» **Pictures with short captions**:
*** Begin section ***
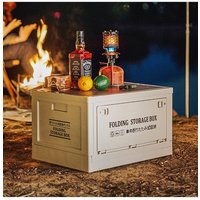 Living and Home Collapsible Outdoor Camping Storage Box Folding Container in White | Size: Small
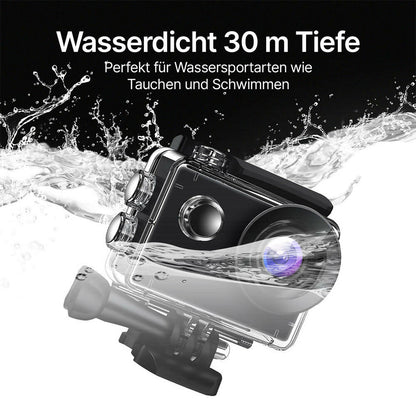 4K Action-Kamera mit WiFi, 2 Zoll Touchscreen & 30 m Unterwassergehäuse (Schwarz)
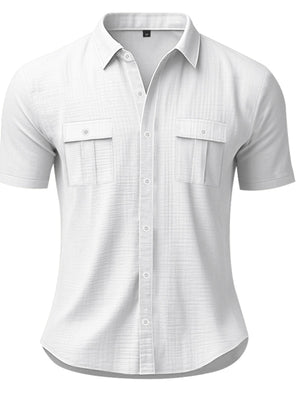 White short sleeve button-down shirt with two chest pockets and a subtle textured pattern.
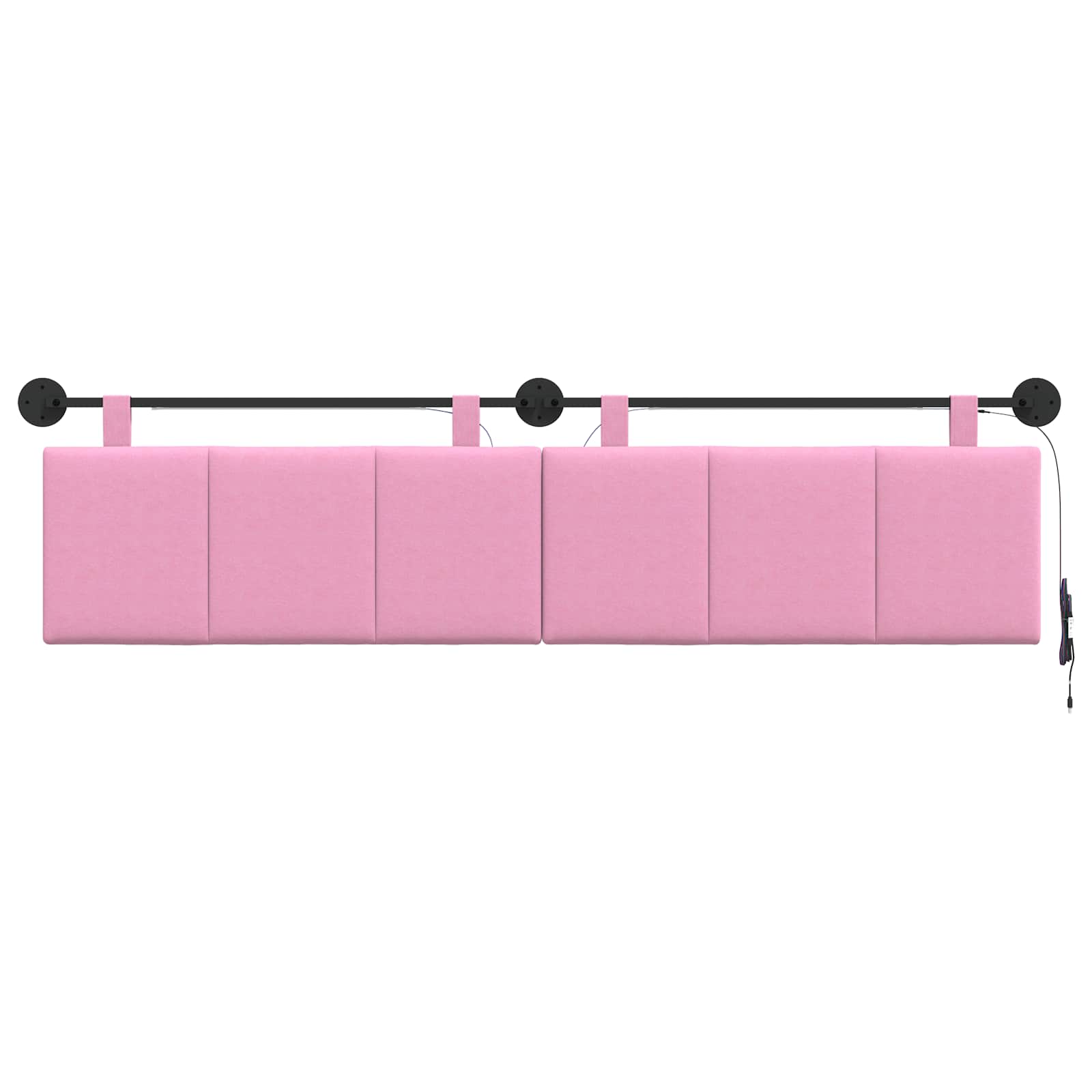 Hängendes Kopfteil Mit LED Licht Rosa Stoff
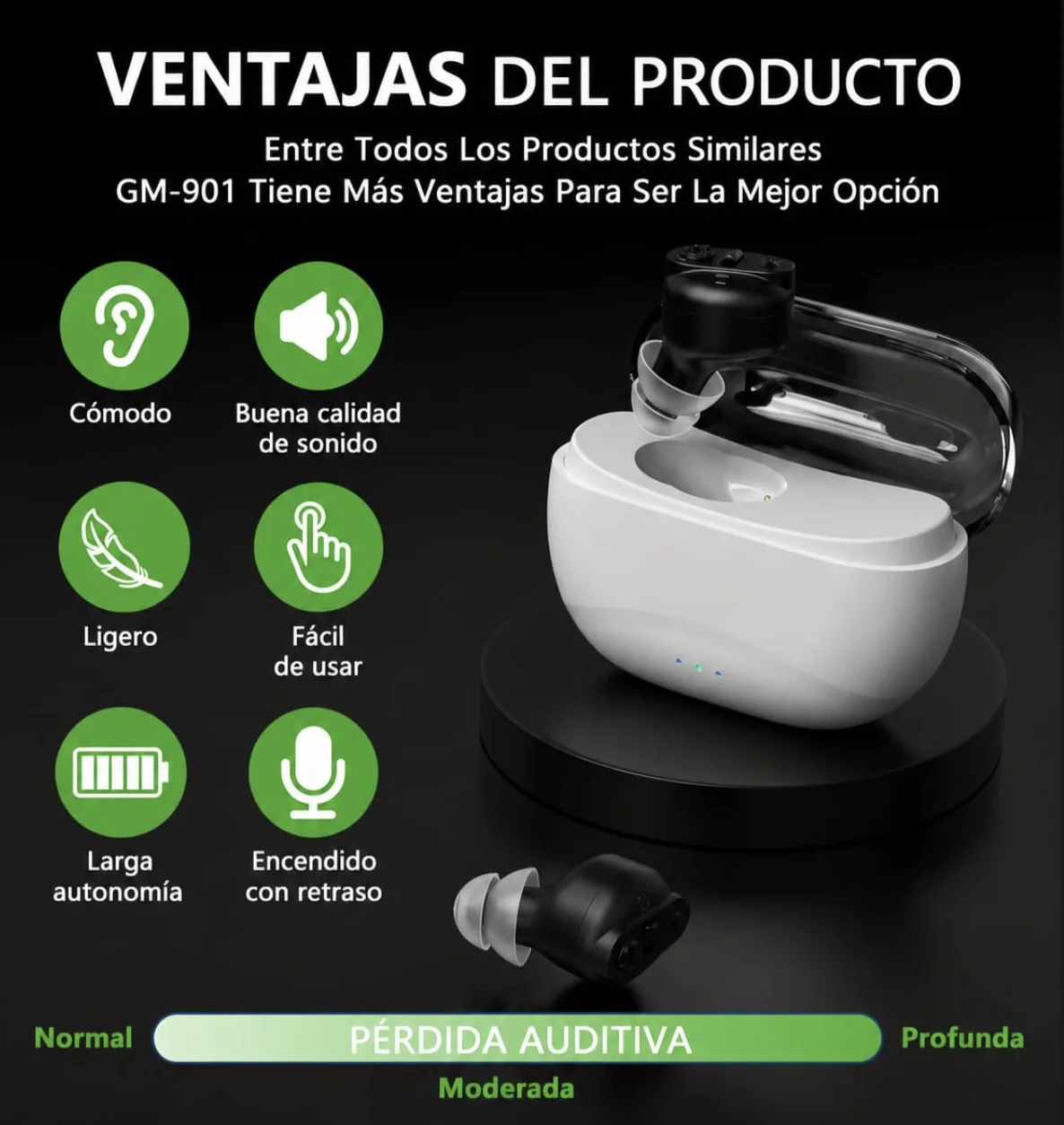 Audifono auditivo inalambrico GM-901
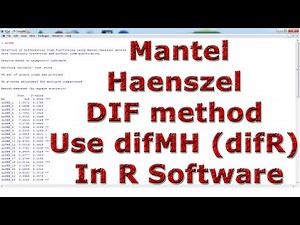 Mantel-Haenszel DIF method Use difMH (difR) With (In) R Software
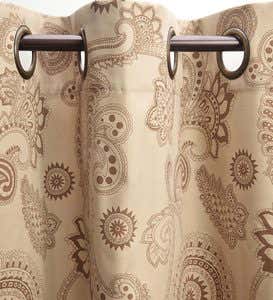 63”L Thermologic Cotton Paisley Grommet-Top Curtain Pairs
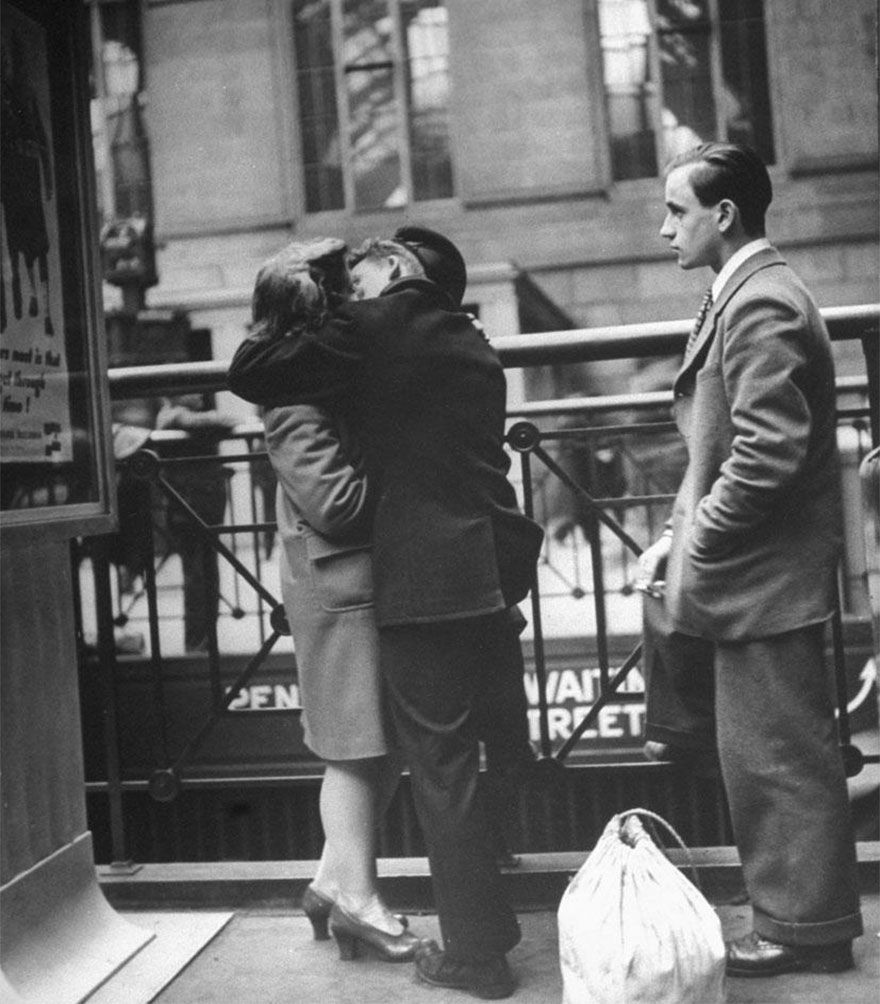 Historic Photo Of Love During Wartime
*** End section ***
» **Assignment**:
Reproduce exactly, with nothing added, the lines from the line with "Hängendes Kopfteil Mit LED Licht Rosa Stoff" through the end of the entries above; pictures are to be left out.

» **Response to the exercise**:
 Hängendes Kopfteil Mit LED Licht Rosa Stoff
 Audifono auditivo inalambrico GM-901
 Mantel-Haenszel DIF method Use difMH (difR) With (In) R Software
 63”L Thermologic Cotton Paisley Grommet-Top Curtain Pairs
 Historic Photo Of Love During Wartime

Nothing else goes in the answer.